DATA 110 First Solo Visualization

Load libraries

library(tidyverse)
── Attaching core tidyverse packages ──────────────────────── tidyverse 2.0.0 ──
✔ dplyr     1.1.2     ✔ readr     2.1.4
✔ forcats   1.0.0     ✔ stringr   1.5.0
✔ ggplot2   3.4.3     ✔ tibble    3.2.1
✔ lubridate 1.9.2     ✔ tidyr     1.3.0
✔ purrr     1.0.2     
── Conflicts ────────────────────────────────────────── tidyverse_conflicts() ──
✖ dplyr::filter() masks stats::filter()
✖ dplyr::lag()    masks stats::lag()
ℹ Use the conflicted package (<http://conflicted.r-lib.org/>) to force all conflicts to become errors
library(nycflights13)
library(RColorBrewer)
library(streamgraph)
data(flights)
data(weather)

My Edited Visualization

Find the total monthly precipitation at each airport

I was struggling really hard to merge these dataframes, I even at one point wrote a function to do indexing for me so I could mutate one of the dataframes using an input from the other. Turns out I forgot to consider that there are measurements coming from multiple different airports, each with different precipitations. Even though I sunk maybe 4 hours into this, it was a learning experience. Essentially, I was trying to merge the dataframes after I had already got rid of information about which airport the measurements were coming from, so of course the computer just spit out a dataframe with 1 million observations, because it didn’t know how I wanted it to match up the data. I think this is the epitome of debugging.

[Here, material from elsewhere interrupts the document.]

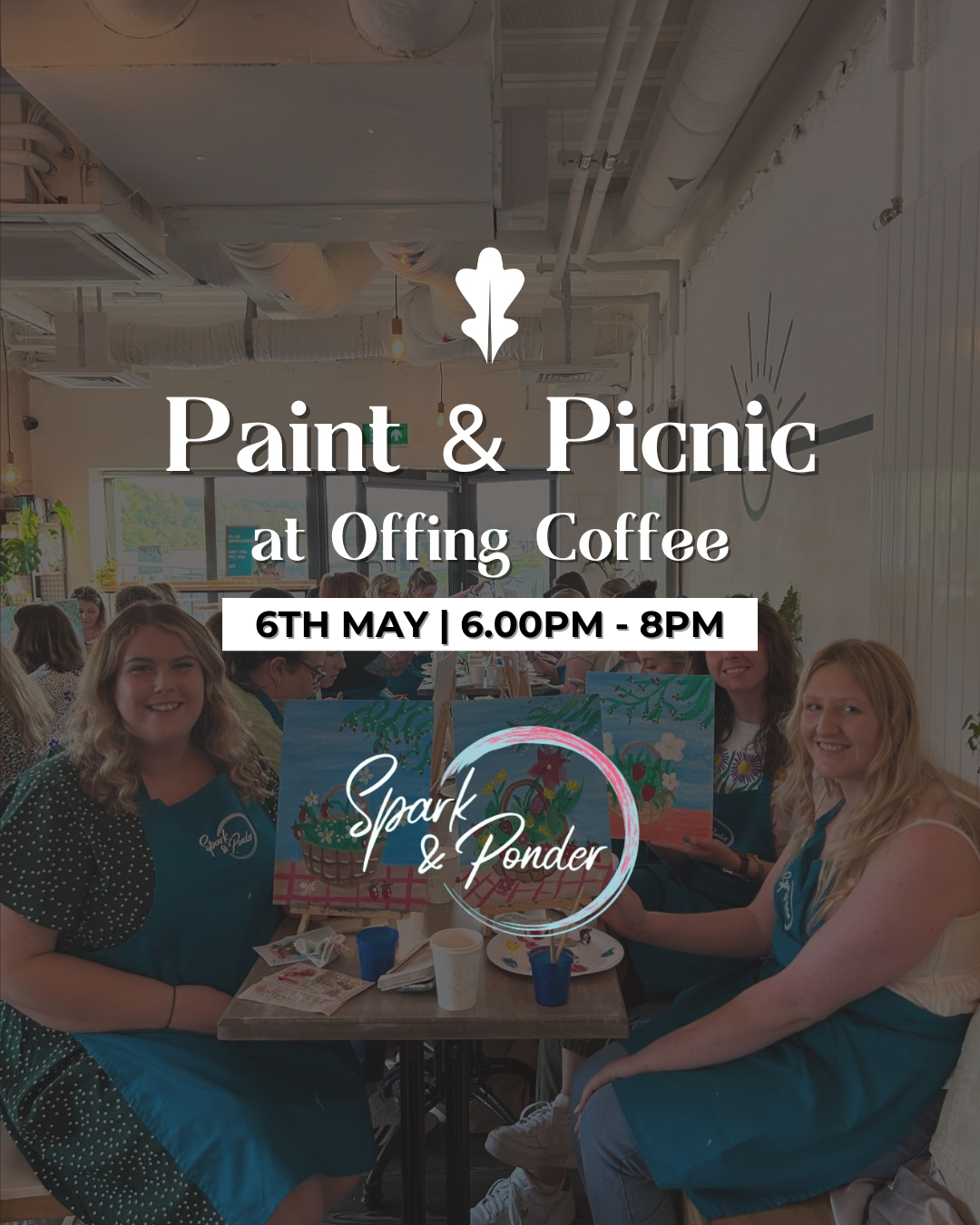 Paint and Picnic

rainports <- merge(flights, weather)
rainports <- select(rainports, time_hour, precip, origin, dep_delay)

Take the sum of the rainfall over the months for each airport

rainports_sums <- rainports |>
  mutate(month = as.numeric(format(as.Date(time_hour, format="%Y-%m-%d"),"%m"))) |>
  group_by(month, origin) |>
  summarise(total_precip=sum(precip))
`summarise()` has grouped output by 'month'. You can override using the
`.groups` argument.

Stream Graph

Here we graph the rainfall at each airport over the year 2013 as a stream graph. There are a couple features that seem to not be working with the package, such as the axis labels and annotation functions. The legend is not displayed as a color key, rather, it is a dropdown menu. This could be useful for when there are many categories, such as in the babynames dataset, but is redundant here when it is easy to hover over for the category. I found the units for the y axis label in the nycflights13 manual.

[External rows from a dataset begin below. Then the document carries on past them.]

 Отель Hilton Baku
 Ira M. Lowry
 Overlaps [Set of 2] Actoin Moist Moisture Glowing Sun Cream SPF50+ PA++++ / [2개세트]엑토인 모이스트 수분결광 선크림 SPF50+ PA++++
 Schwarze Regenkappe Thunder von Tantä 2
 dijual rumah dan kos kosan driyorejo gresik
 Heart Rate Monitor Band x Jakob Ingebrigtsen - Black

lluvia <- streamgraph(rainports_sums, key=origin, value=total_precip, 
                      date=month, scale="continuous", interpolate = "step",
                      height = 400, width = 800) |>
  sg_fill_brewer("Paired") |>
  sg_legend(show = TRUE, label = "Airport: ") |>
  sg_title(title = "Rainfall at New York Airports in 2013")

lluvia
Warning in widget_html(name, package, id = x$id, style = css(width =
validateCssUnit(sizeInfo$width), : streamgraph_html returned an object of class
`list` instead of a `shiny.tag`.
Warning: `bindFillRole()` only works on htmltools::tag() objects (e.g., div(),
p(), etc.), not objects of type 'list'.
Rainfall at New York Airports in 2013

The above is my visualization of the total monthly rainfall at each NYC airport with respect to the month in 2013. I chose to change the interpolation to stepwise as opposed to smoothed, just because I thought it looked more aesthetically pleasing for this data, but then I realized that this basically just makes it a more confusing stacked barchart. Either way this experimentation has taught me more about what makes a meaningful visualization. One notable, but perhaps obvious feature of this graph, is that the total rainfall spiked significantly in the summertime as compared to the other months. Perhaps also, we can see that there was generally less rainfall at JFK as compared to EWR. Perhaps this is because of the smog moisture-absorption effect? Or perhaps there was just less rain in the JFK area this year. More data and careful statistical analysis is required to determine that. While I was playing around with the data, I tried graphing the rainfall daily as opposed to monthly, but the spikes were just too big to make the graph appear meaningful. I considered making a log plot for the daily rainfall, but thought that it was ultimately best to stick to units that are easily understandable. If I were to do this again, I would like to try using the ggplot2 streamgraphs feature to see whether the process is easier (especially with making the axis labels and legend), and I would also like to try summing the rainfall by weeks.